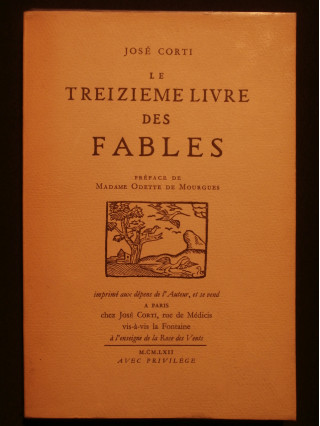 Le treizième livre des fables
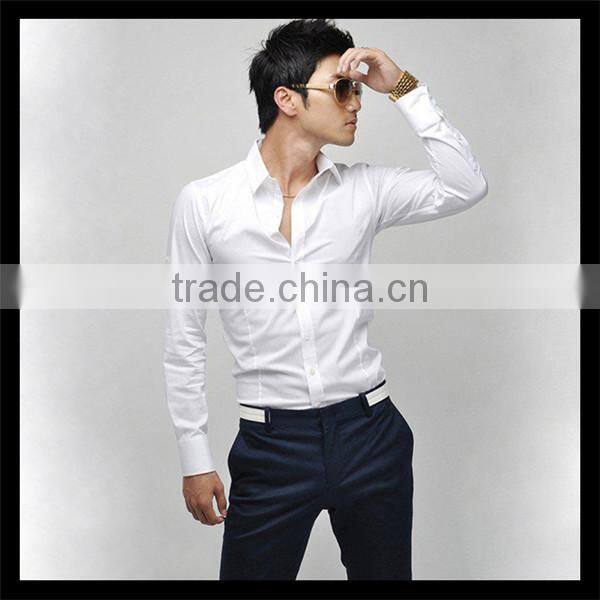 new world online shopping made in china white polyester plain long sleeve t shirt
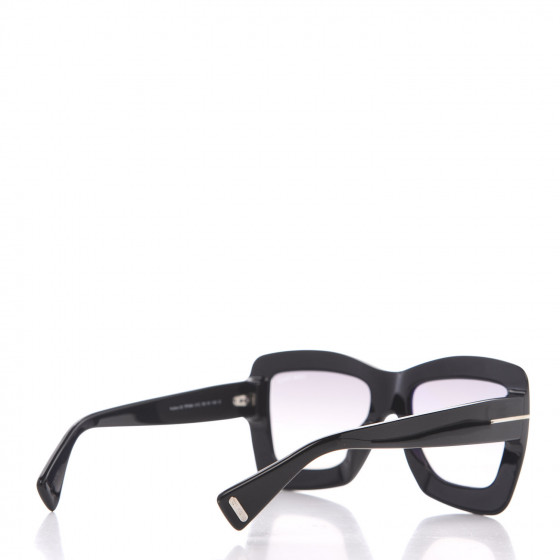 TOM FORD Hutton-02 TF664 Square Sunglasses Black 590390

Problem -> Leaving every picture aside, transcribe exactly the lines from the one that contains "new world online" through the final line of the listing above, inclusive.

Output of the task ->
 new world online shopping made in china white polyester plain long sleeve t shirt
 TOM FORD Hutton-02 TF664 Square Sunglasses Black 590390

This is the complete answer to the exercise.